Pictures with short captions:
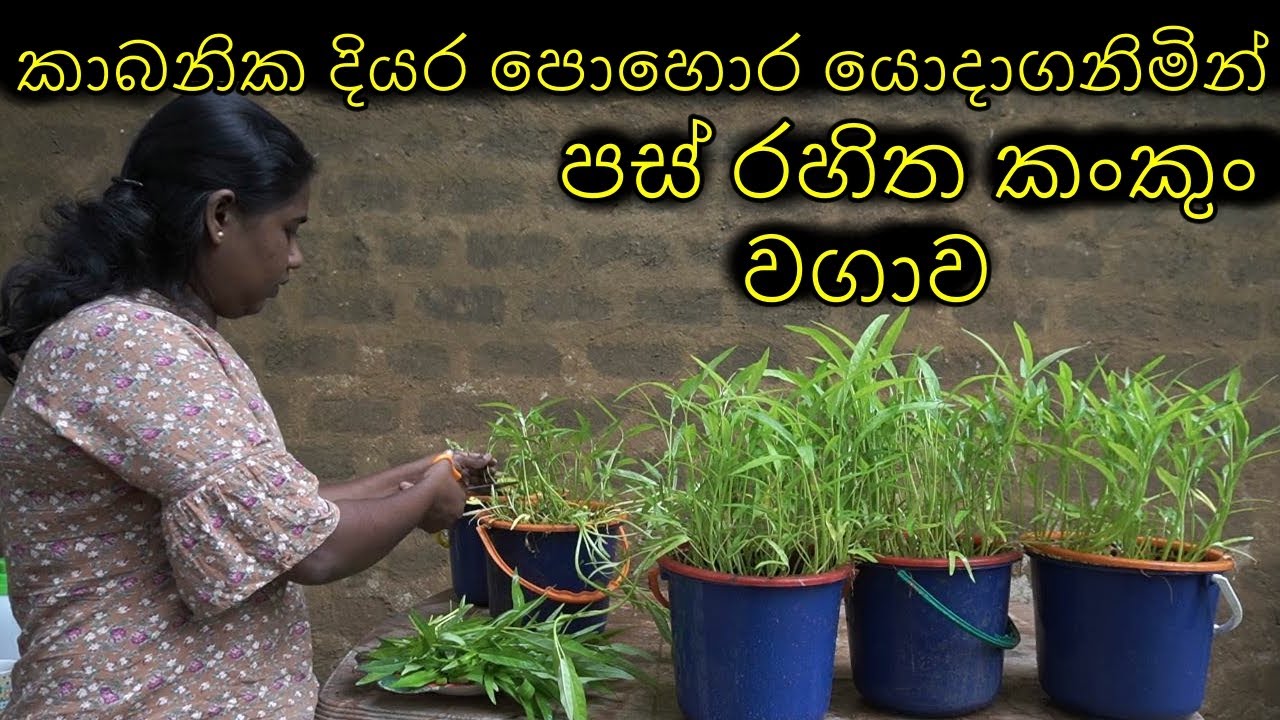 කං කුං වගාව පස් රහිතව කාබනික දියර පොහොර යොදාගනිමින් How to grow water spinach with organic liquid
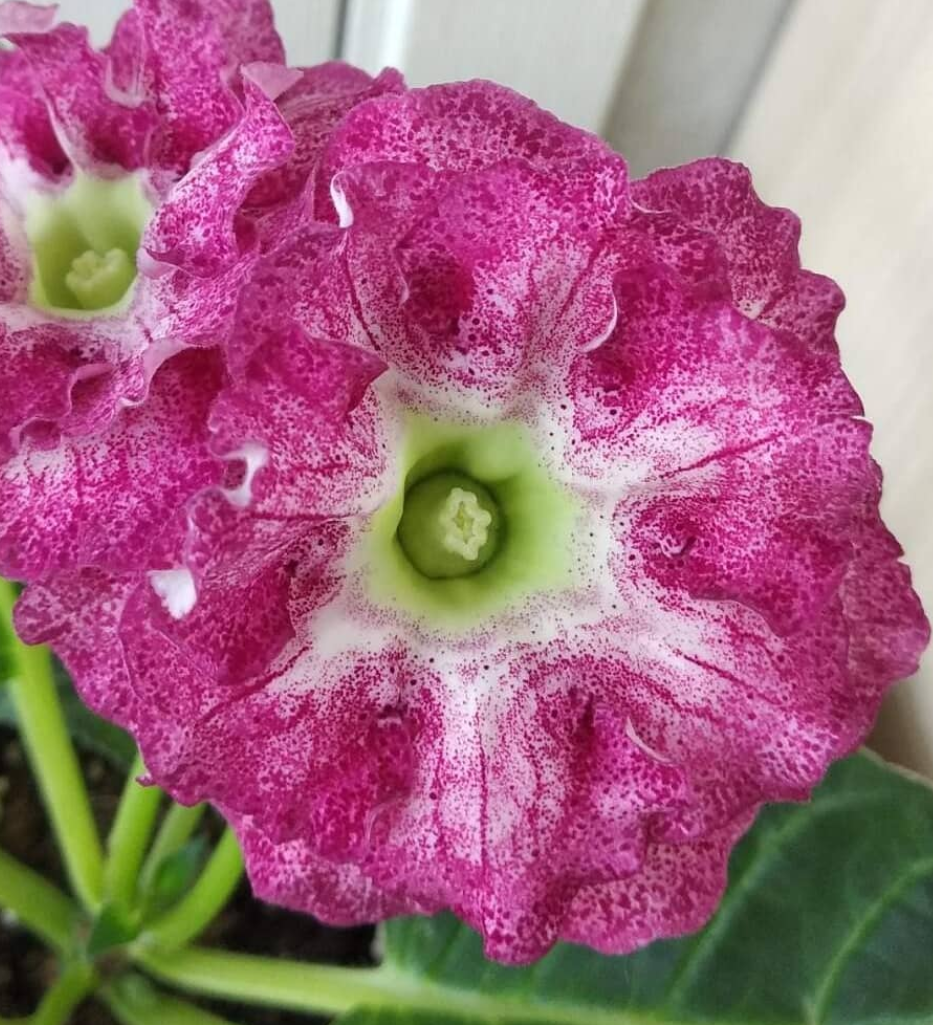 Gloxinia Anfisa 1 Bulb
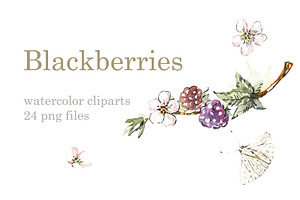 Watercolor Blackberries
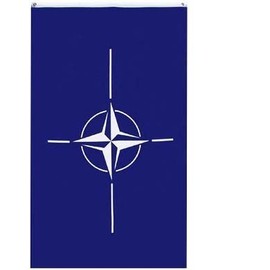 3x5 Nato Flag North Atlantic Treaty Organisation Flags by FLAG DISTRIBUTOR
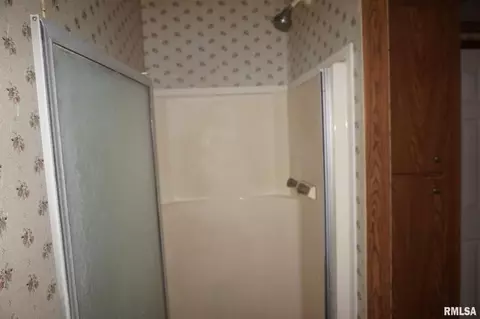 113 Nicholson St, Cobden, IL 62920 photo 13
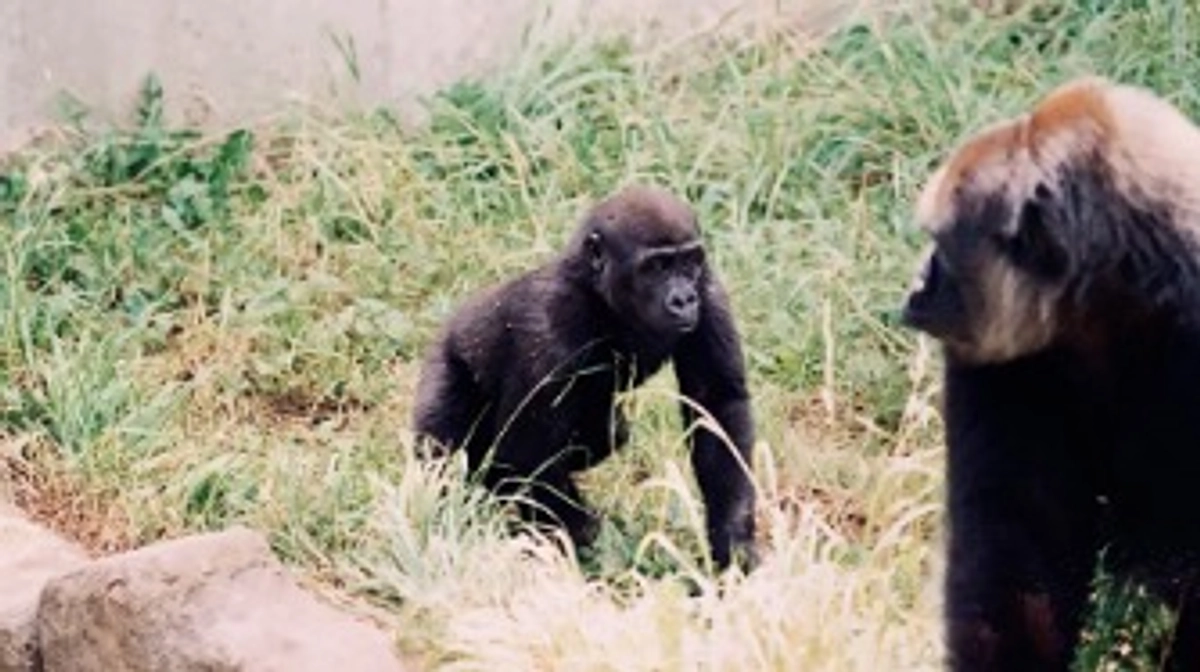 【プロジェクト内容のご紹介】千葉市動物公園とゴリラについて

■ **Task**
Only the lines starting at the one that holds "3x5 Nato Flag" and ending at the last line of the data belong in your answer. Please set them down exactly and omit the pictures.

■ **Task answer**
 3x5 Nato Flag North Atlantic Treaty Organisation Flags by FLAG DISTRIBUTOR
 113 Nicholson St, Cobden, IL 62920 photo 13
 【プロジェクト内容のご紹介】千葉市動物公園とゴリラについて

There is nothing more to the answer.